D-Live!! (stylized as D-LIVE!!) is a Japanese manga series written and illustrated by Ryōji Minagawa. It was serialized in shōnen manga magazine Weekly Shōnen Sunday from October 2002 to April 2006, with its chapters collected in 15 tankōbon volumes. The story follows Satoru Ikaruga, a high school student nicknamed the "Genius Driver". He can operate almost any vehicle and works for a multinational specialist company called the Almighty Support Enterprise (ASE). ASE hires Ikaruga whenever they are assigned a case involving vehicle driving.

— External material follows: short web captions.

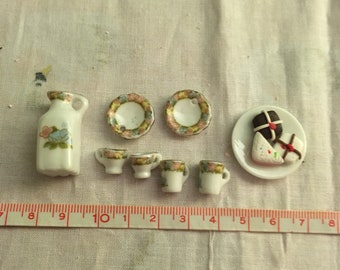 Miniature Tea Set 4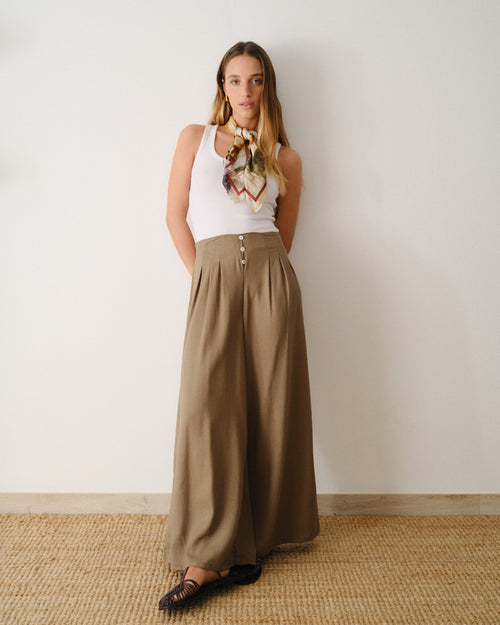 Pantalon con lino y botones Karime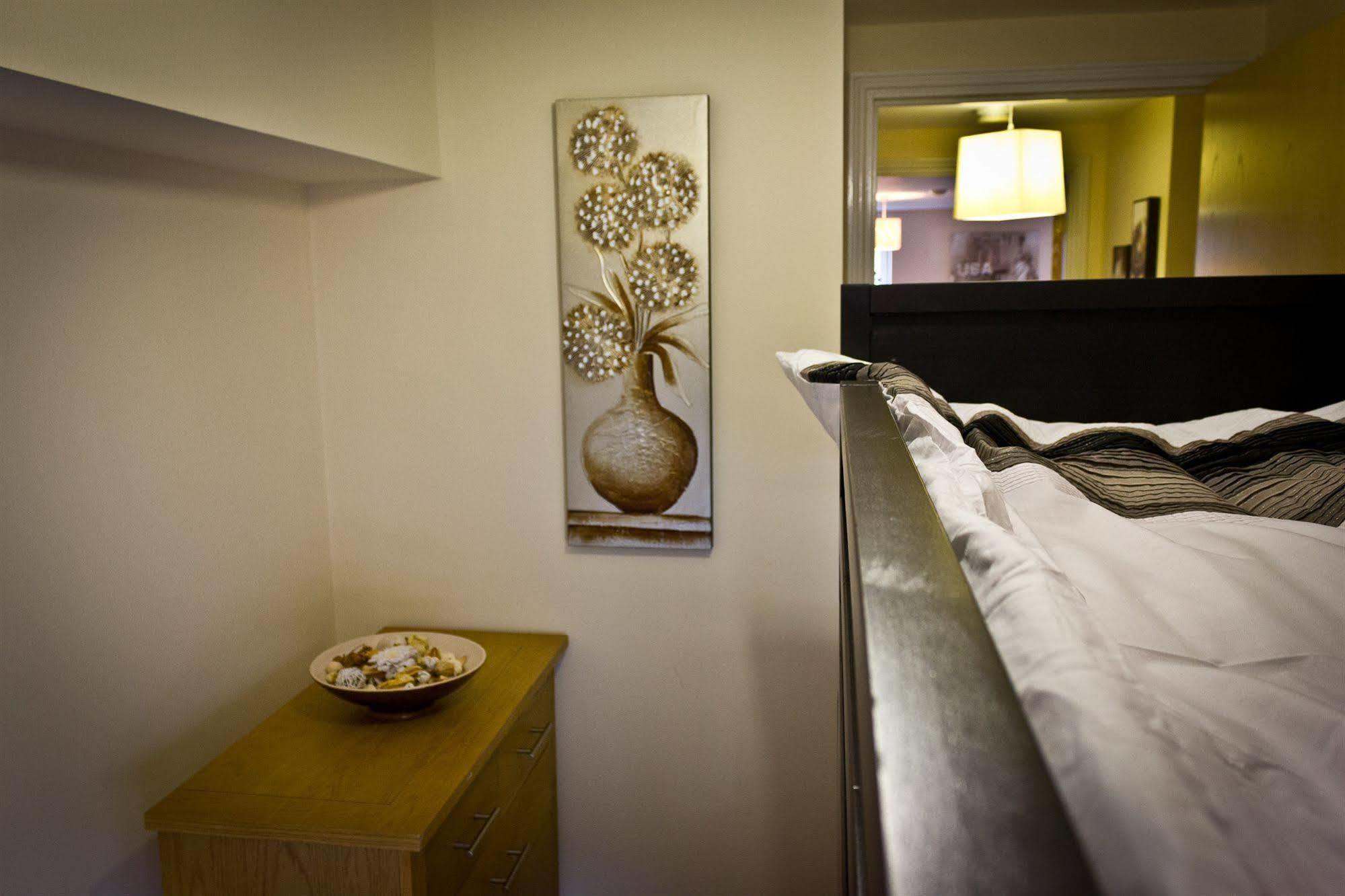 The Lindley Suite - Simple2Let Serviced Apartments Huddersfield Exteriör bild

He usually works with other ASE agents to resolve these situations.

==Plot==
Satoru Ikaruga is an ordinary high school student. Most of his classmates and teachers do not know that he is an operative of the Almighty Support Enterprise (ASE), specializing in vehicle driving. He is deployed worldwide, supported by ASE agents as he accomplishes cases assigned to him by clients.

==Characters==
- Satoru Ikaruga (斑鳩 悟, Ikaru Satoru)
A high school boy who does part-time jobs with ASE Japan Branch as a vehicle driver specialist. His father was a friend of Hajime Mozu and also an ASE driver who died in doing his job.
- Hatsune Shimizu (清水 初音, Shimizu Hatsune)
A high school girl, the mechanic specialist of ASE Japan Branch. Her dream is to make her late father's motorcycle racing team win the Suzuka 8 Hours endurance race. She almost made it with Satoru riding her bike, but an accident happened that made Satoru did not finish the race.
- Hajime Mozu (百舌鳥 創, Mozu Hajime)
Chief of ASE Japan branch. He is an ex-ASE vehicle driver specialist, Satoru was trained by him. He is sometimes cruel to Satoru by cutting his payment if Satoru made any mistake in doing his job.
- Clever Owl (クレーバー・オウル, Kurēbā Ōru)
He is ASE USA branch's specialist in spying and infiltrating. He is also a playboy and thinks that he is the next James Bond. He always gets sick if traveling in a vehicle, especially if the driver is Satoru. Only Mozu can make him not sick in a vehicle.
- Rika Karasuma (烏丸 理香, Karasuma Rika)
ASE Japan Branch's specialist of geology. She is lecturer in a university in Japan.
- James Hato (ジェームズ・波戸, Jēmuzu Hato)
He is ASE USA branch's specialist in detonating bomb and CQB. An ex-SWAT Team member. Joined ASE after Satoru saved him from an exploded building he was trapped.

==Publication==
Written and illustrated by Ryōji Minagawa, D-Live!! was serialized in Shogakukan's shōnen manga magazine Weekly Shōnen Sunday from October 16, 2002, to April 19, 2006. (Note: It started in the magazine's 44th issue of 2002 (cover dated October 16), released on October 2 of that same year. It finished in the magazine's 18th issue of 2006 (cover dated April 19), released on April 5 of that same year.) Shogakukan collected its chapters in 15 tankōbon volumes, released from March 18, 2003, to August 11, 2006.

==Reception==
D-Live!! was one of the Jury Recommended Works at the ninth Japan Media Arts Festival in 2005.